(Beginning of SUPPLIED MATERIAL)
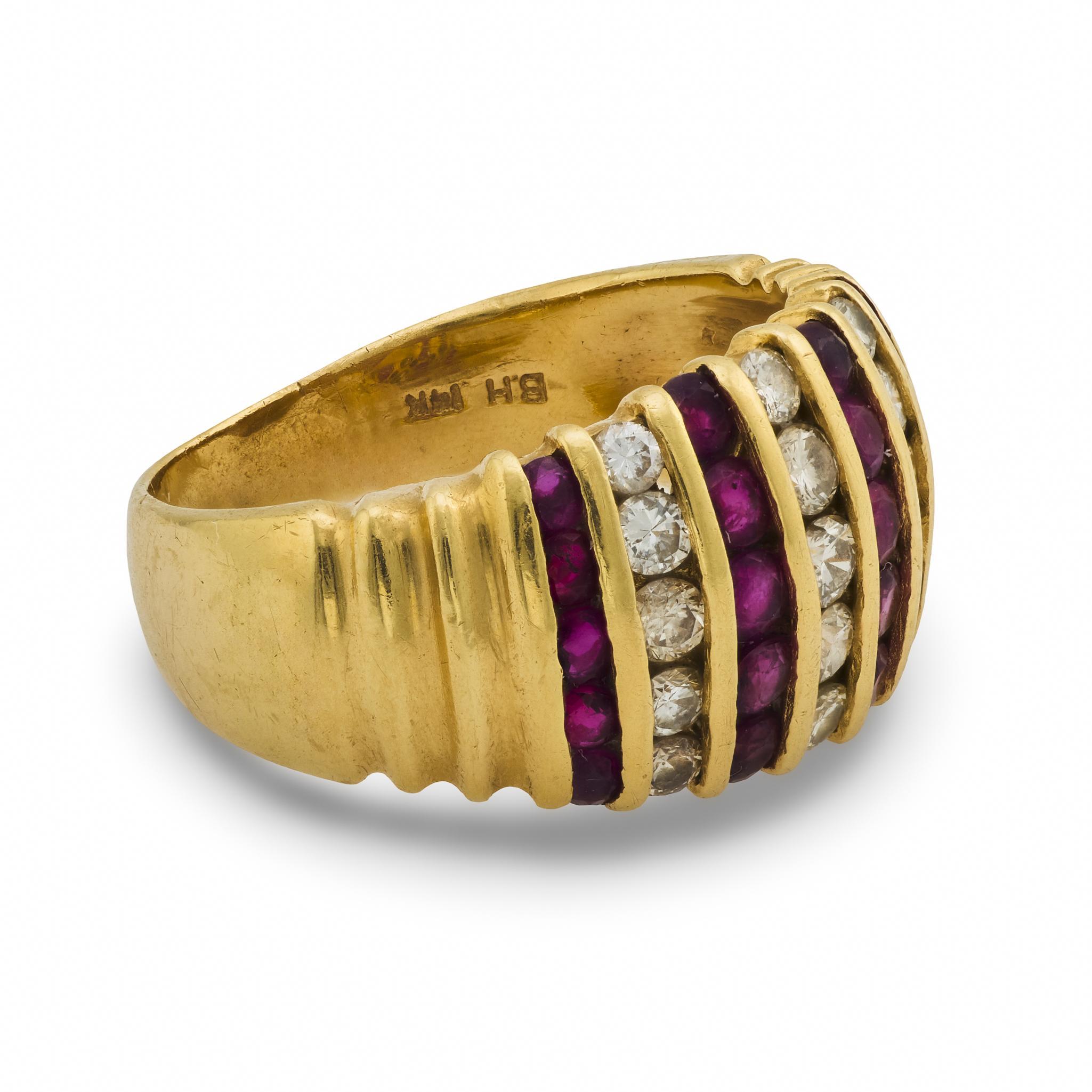 Bague vintage en or jaune 14k avec rubis et diamants Bon état - En vente à Beverly Hills, CA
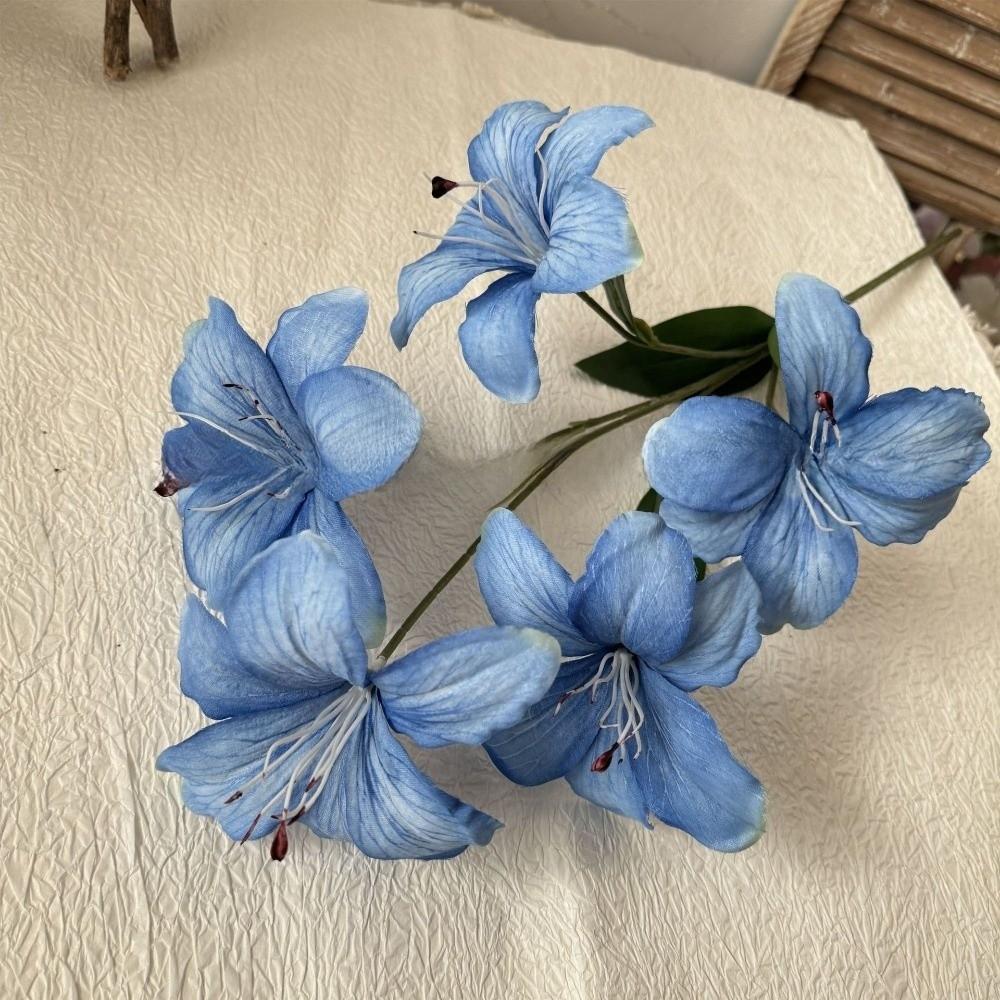White Artificial Lily Flowers 5-head Simulation Decorative Bouquet  Indoor Decoration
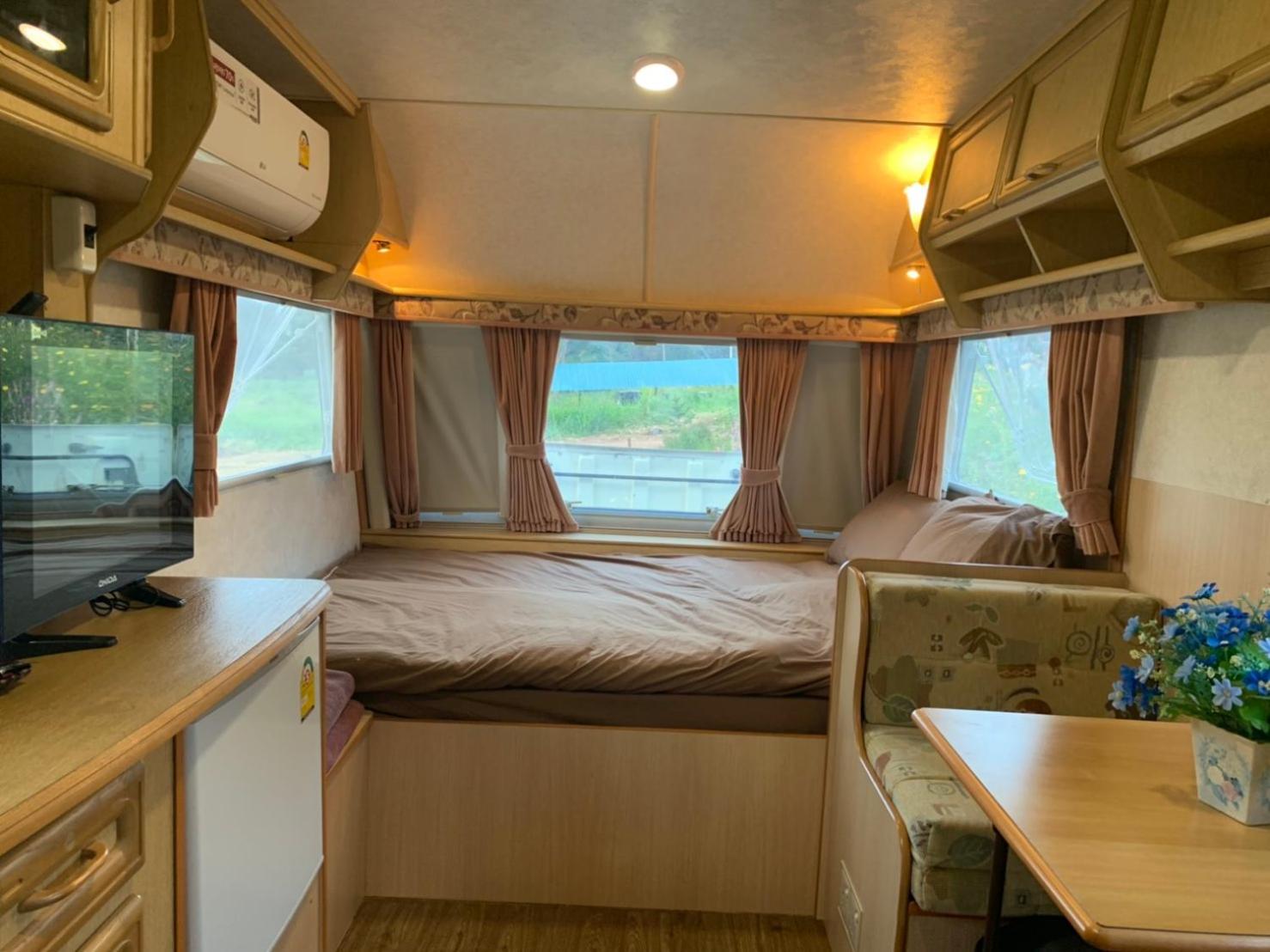 Caravan - Photo 3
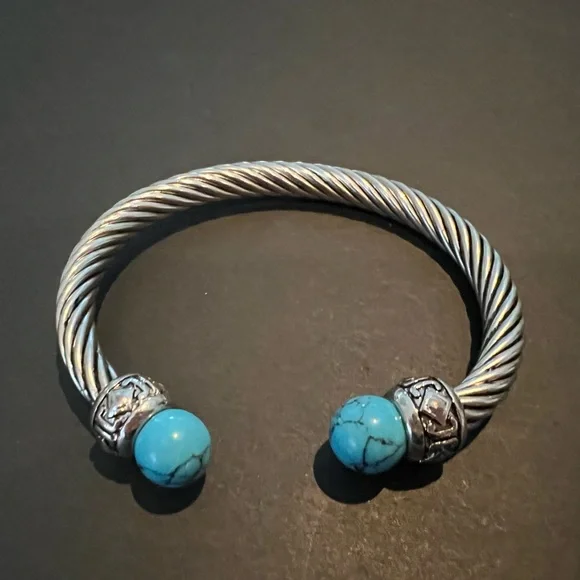 Silver bangle - Picture 1 of 2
(End of SUPPLIED MATERIAL)
## BRIEF
Apart from the images, reproduce the listing exactly as it appears.

## SOLUTION TO THE EXERCISE
 Bague vintage en or jaune 14k avec rubis et diamants Bon état - En vente à Beverly Hills, CA
White Artificial Lily Flowers 5-head Simulation Decorative Bouquet  Indoor Decoration
 Caravan - Photo 3
 Silver bangle - Picture 1 of 2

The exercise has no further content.